By Tanya Farber and Staff Reporter
Charlize Theron has fended off criticism over her American accent by saying it "helped me to survive".
At a press conference on Tuesday morning at the Westcliff Hotel, Theron explained that acquiring the accent was part of "moulding" herself for a successful career.
"I have always gotten into trouble for speaking with an American accent," she said, "but that is what has helped me to survive.
"There are 4 000 other girls out there wanting to do the same thing, so I do what I need to do, and if you are not willing to make adjustments to how you speak, it's never going to happen."
She pointed out, however, that this did not mean she had "sold out" or "forgotten about being a South African".
"I didn't get this accent overnight, and I am highly criticised for it, but I am a South African."
As for her hometown, Benoni, she said: "There's an honest want in me to always go back and see how it looks and how it has changed."
Her current trip has enabled her to do just that.
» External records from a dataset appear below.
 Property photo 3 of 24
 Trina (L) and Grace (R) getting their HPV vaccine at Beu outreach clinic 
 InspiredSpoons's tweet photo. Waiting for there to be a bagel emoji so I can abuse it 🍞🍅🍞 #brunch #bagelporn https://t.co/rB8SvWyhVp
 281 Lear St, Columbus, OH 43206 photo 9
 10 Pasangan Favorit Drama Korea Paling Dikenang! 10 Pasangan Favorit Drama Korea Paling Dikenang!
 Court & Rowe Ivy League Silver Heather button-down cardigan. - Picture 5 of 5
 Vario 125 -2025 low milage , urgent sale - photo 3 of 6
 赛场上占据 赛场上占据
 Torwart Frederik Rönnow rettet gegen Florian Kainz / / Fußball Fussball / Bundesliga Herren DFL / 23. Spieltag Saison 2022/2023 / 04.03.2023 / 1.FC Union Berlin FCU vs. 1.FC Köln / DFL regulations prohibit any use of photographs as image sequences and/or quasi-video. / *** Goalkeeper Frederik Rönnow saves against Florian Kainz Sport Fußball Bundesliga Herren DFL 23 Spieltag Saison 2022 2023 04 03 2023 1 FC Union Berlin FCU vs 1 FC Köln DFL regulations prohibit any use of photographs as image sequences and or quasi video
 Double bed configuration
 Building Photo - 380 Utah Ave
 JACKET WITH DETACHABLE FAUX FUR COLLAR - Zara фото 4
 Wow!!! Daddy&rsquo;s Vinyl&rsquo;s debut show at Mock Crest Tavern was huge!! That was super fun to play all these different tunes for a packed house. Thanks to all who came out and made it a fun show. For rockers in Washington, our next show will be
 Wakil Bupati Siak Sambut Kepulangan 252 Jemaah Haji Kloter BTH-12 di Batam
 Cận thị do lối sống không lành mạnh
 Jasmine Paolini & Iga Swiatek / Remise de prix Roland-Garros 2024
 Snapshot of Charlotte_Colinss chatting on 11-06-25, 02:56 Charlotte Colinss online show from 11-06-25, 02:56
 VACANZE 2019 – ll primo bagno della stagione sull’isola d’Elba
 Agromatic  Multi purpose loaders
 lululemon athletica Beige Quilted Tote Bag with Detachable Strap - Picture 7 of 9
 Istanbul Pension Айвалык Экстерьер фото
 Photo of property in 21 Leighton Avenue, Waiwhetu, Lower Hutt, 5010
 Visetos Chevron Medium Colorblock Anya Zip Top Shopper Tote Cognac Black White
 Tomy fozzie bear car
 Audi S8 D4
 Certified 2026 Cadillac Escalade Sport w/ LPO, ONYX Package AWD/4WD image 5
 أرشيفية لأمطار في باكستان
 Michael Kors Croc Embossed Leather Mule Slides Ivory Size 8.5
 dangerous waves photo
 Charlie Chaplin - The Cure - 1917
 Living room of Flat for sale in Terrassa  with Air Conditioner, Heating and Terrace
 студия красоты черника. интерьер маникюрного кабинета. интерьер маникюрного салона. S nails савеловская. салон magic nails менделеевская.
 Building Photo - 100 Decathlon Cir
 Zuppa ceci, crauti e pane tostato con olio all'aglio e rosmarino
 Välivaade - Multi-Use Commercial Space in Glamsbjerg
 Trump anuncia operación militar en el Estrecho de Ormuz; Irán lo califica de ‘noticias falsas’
She has already met up with old schoolfriends and, as she described it, "partied a little too much two days ago".
She said returning to Benoni made her feel "very nostalgic".
"I think all people are sentimental when it comes to where they grew up. I can drive by a corner there and remember falling off my bike, or something like that."
Theron arrived in the country on Saturday and her public appearances are to be kept to a minimum.
While she's here, though, her safety is in the hands of Adrian Heijns, the man who gained notoriety for giving the Springboks hell at the infamous Kamp Staaldraad.
The former police taskforce commander, known as "007" to the Bok players, is the director of Pro-Tect International, which specialises in security for VIPs.
He has been tasked with keeping any overly enthusiastic Theron fans firmly at bay while she's here.